From the line below that contains "7 For All Mankind" to the line that contains "Scorpion reaches forward", repeat every line exactly, both ends included, and nothing else.

DATASET RECORDS

=====

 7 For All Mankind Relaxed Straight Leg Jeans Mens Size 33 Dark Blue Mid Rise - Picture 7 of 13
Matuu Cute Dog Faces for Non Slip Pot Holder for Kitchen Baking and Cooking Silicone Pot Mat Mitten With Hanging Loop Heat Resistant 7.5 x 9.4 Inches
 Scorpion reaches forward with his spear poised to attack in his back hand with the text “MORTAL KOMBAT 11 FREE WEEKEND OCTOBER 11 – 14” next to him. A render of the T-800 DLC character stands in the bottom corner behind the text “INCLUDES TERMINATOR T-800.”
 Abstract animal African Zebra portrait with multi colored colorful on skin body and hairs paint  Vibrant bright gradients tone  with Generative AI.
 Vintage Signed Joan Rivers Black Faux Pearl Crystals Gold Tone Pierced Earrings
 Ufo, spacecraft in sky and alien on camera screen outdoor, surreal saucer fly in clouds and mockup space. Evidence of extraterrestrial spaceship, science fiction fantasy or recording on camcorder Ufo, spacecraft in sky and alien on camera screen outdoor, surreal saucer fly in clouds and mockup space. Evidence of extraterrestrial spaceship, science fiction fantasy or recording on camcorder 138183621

=====

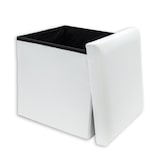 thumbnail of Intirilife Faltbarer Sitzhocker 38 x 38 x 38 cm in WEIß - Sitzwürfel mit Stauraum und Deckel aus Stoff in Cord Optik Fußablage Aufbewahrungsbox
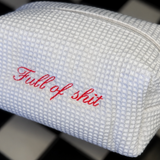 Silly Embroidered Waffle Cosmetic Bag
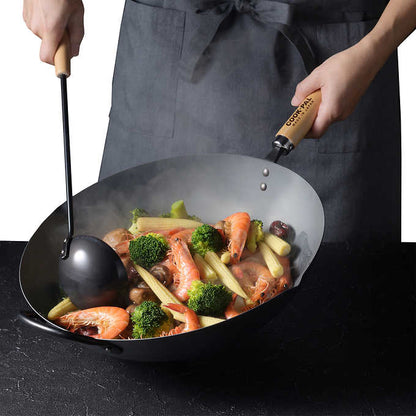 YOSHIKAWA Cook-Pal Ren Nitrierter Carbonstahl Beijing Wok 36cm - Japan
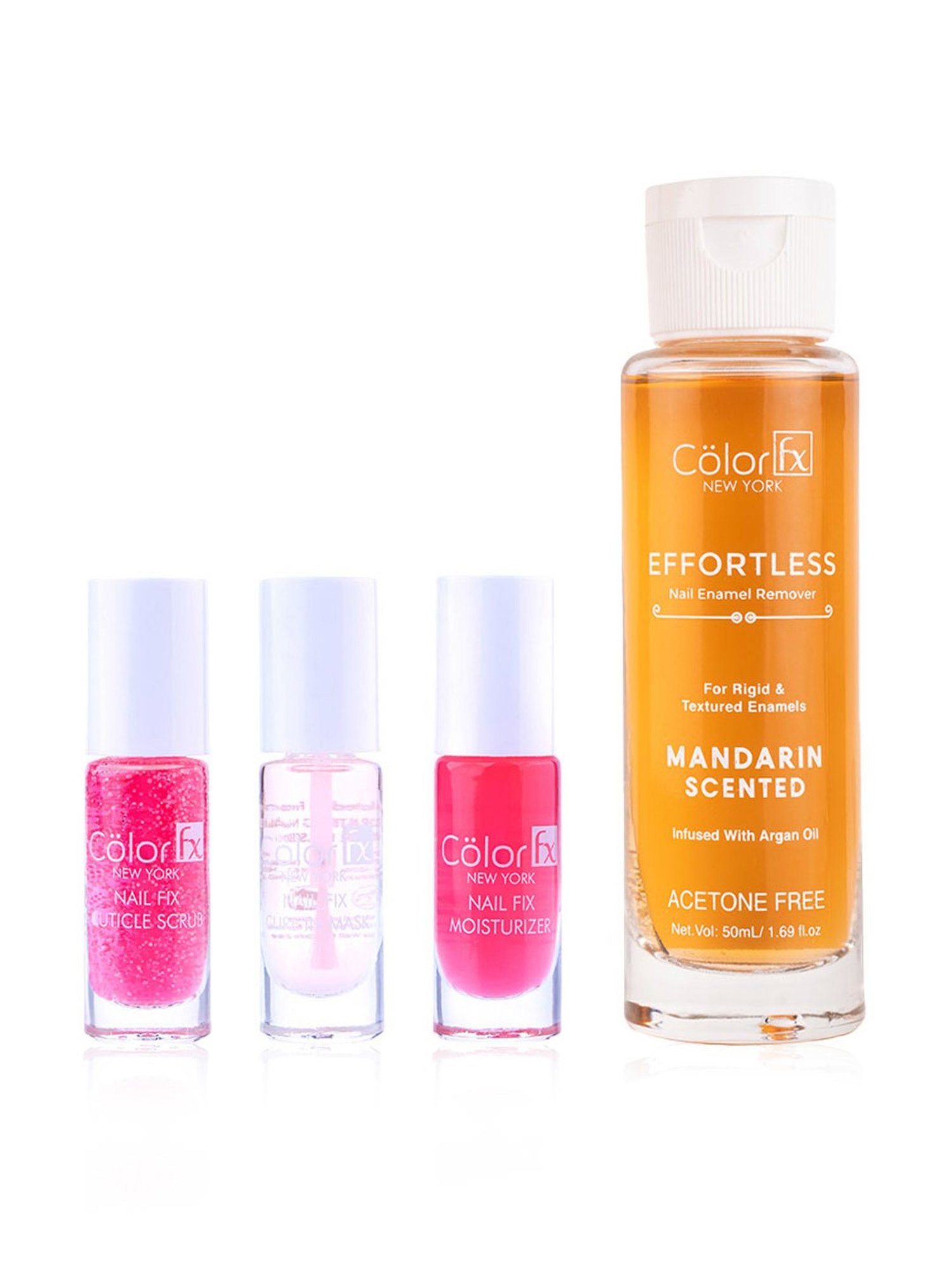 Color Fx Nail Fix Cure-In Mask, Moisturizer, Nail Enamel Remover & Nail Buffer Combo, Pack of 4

=====

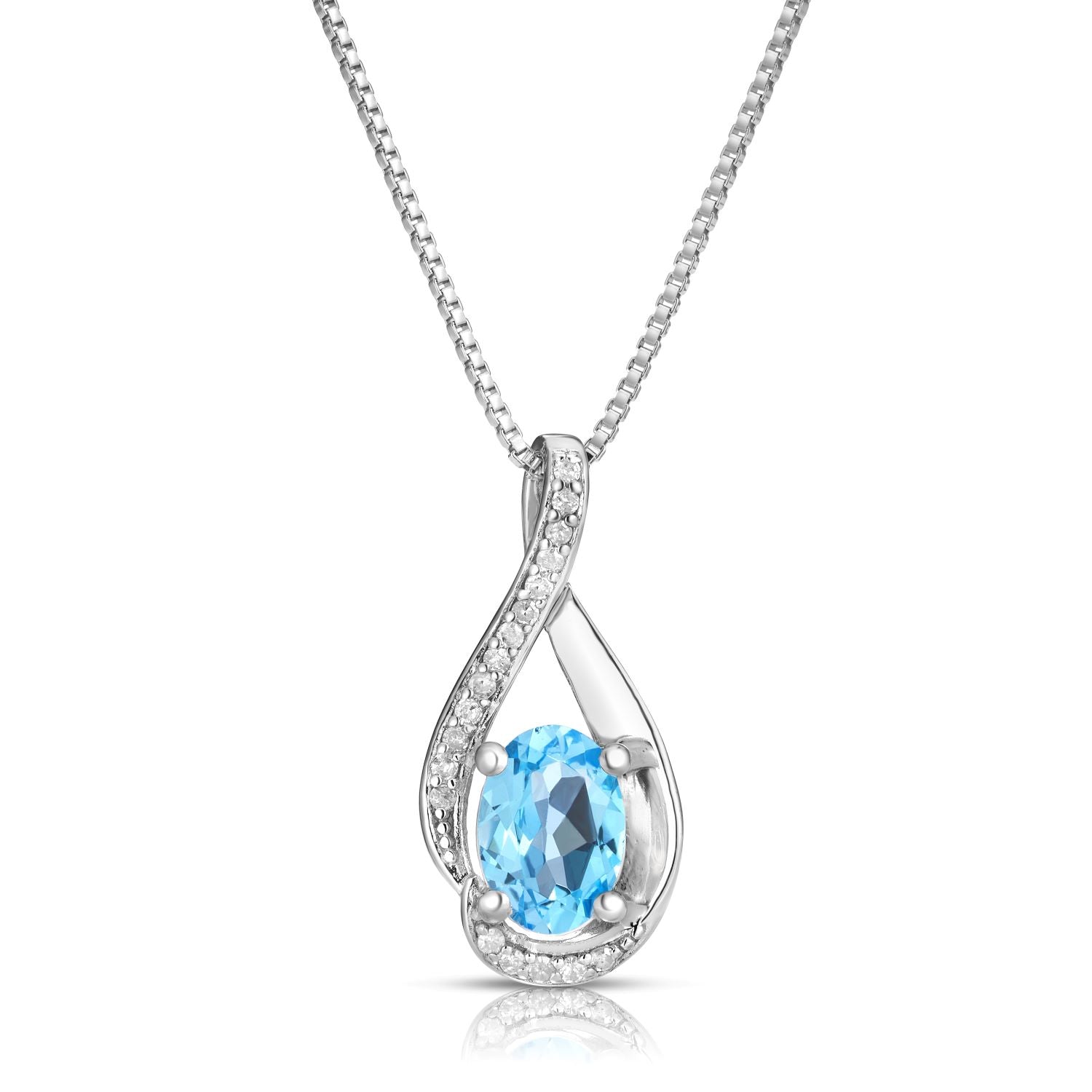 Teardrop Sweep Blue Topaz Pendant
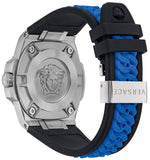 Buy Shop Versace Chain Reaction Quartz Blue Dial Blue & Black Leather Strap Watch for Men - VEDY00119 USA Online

=====

SOLUTION
 7 For All Mankind Relaxed Straight Leg Jeans Mens Size 33 Dark Blue Mid Rise - Picture 7 of 13
Matuu Cute Dog Faces for Non Slip Pot Holder for Kitchen Baking and Cooking Silicone Pot Mat Mitten With Hanging Loop Heat Resistant 7.5 x 9.4 Inches
 Scorpion reaches forward with his spear poised to attack in his back hand with the text “MORTAL KOMBAT 11 FREE WEEKEND OCTOBER 11 – 14” next to him. A render of the T-800 DLC character stands in the bottom corner behind the text “INCLUDES TERMINATOR T-800.”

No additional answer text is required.